Edmund Ashfield (1576 – ca. 1620) was an English Catholic from Tattenhoe in Buckinghamshire. He was educated at St Mary Hall, Oxford. In 1599 he travelled to Edinburgh to meet James VI of Scotland. The resident English diplomat organised his kidnap and rendition apparently in the belief that Ashfield was an agent of James VI and working to further his succession to the English throne. In 1606, Ashfield was involved in the rebuilding of Ashridge Priory for Sir Thomas Egerton. In 1612, the author Henry Peacham dedicated his Graphice, or the Auncient Arte of Drawing and Limning to Ashfield, by then Deputy-Lieutenant of Buckinghamshire. An aunt or cousin Cecily Ashfield was married to the Lord Chancellor Sir John Fortescue of Salden. Edmund's uncle Thomas Ashfield was a bailiff for the Earl of Oxford in 1571, and Edmund was Thomas's heir in 1609.
Edmund Ashfield wrote to James VI offering the advice that he ought to publish books setting forth his claim to the succession to Elizabeth I of England, and showing how he could gain support and rule.
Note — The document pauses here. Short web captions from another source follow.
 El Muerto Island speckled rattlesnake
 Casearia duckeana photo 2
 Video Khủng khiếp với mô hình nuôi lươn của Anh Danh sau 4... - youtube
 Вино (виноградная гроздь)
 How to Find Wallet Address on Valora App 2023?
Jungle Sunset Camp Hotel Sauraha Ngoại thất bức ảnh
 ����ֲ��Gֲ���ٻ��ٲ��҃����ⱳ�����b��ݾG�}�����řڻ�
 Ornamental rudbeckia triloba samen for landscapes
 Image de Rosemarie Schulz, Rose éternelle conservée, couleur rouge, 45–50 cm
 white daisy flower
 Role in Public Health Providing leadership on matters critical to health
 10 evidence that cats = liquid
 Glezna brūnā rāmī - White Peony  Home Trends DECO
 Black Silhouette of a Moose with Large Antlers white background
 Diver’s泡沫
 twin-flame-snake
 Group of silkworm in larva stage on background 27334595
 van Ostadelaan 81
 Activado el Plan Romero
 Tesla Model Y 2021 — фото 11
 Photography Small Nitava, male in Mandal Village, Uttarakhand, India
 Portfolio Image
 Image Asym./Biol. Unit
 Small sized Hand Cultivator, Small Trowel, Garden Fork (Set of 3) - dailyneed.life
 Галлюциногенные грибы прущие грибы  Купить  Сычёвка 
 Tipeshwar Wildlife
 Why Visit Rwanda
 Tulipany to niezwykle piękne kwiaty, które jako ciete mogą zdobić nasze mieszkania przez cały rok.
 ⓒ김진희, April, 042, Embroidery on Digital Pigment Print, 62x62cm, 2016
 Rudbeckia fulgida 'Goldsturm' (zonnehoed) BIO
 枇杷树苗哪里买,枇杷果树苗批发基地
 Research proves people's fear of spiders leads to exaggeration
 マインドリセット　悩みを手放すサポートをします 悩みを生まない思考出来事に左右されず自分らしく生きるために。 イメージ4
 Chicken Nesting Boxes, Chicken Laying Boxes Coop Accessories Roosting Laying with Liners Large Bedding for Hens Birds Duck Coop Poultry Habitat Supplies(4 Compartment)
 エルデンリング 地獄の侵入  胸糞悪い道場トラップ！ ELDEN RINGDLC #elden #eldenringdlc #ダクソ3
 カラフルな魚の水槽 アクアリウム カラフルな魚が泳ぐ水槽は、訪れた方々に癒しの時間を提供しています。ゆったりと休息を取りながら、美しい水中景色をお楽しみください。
This approach was in response to the Jesuit position on the succession, set out in the pseudonymous succession tract by "R. Doleman". It was therefore in the period 1594–8.
Ashfield obtained a pass to enter Scotland from Peregrine Bertie, Baron Willoughby, Governor of Berwick upon Tweed and was helped in Scotland by Robert Ker of Cessford. Ashfield spoke to James VI twice, in Edinburgh and during the King's hunting at Colinton. An agent of the Earl of Essex, Thomas Weyman, later wrote that Ashfield had discussed the possibility of James becoming King of England over dinner with some noblemen. The Earl of Cassilis joked; "Truly the Englishmen are good husbandmen, and have so well manured the grounds their grounds that we shall find a goodly and pleasant dwelling there when we come." Weyman thought that Ashfield's activities would turn James against the Earl of Essex.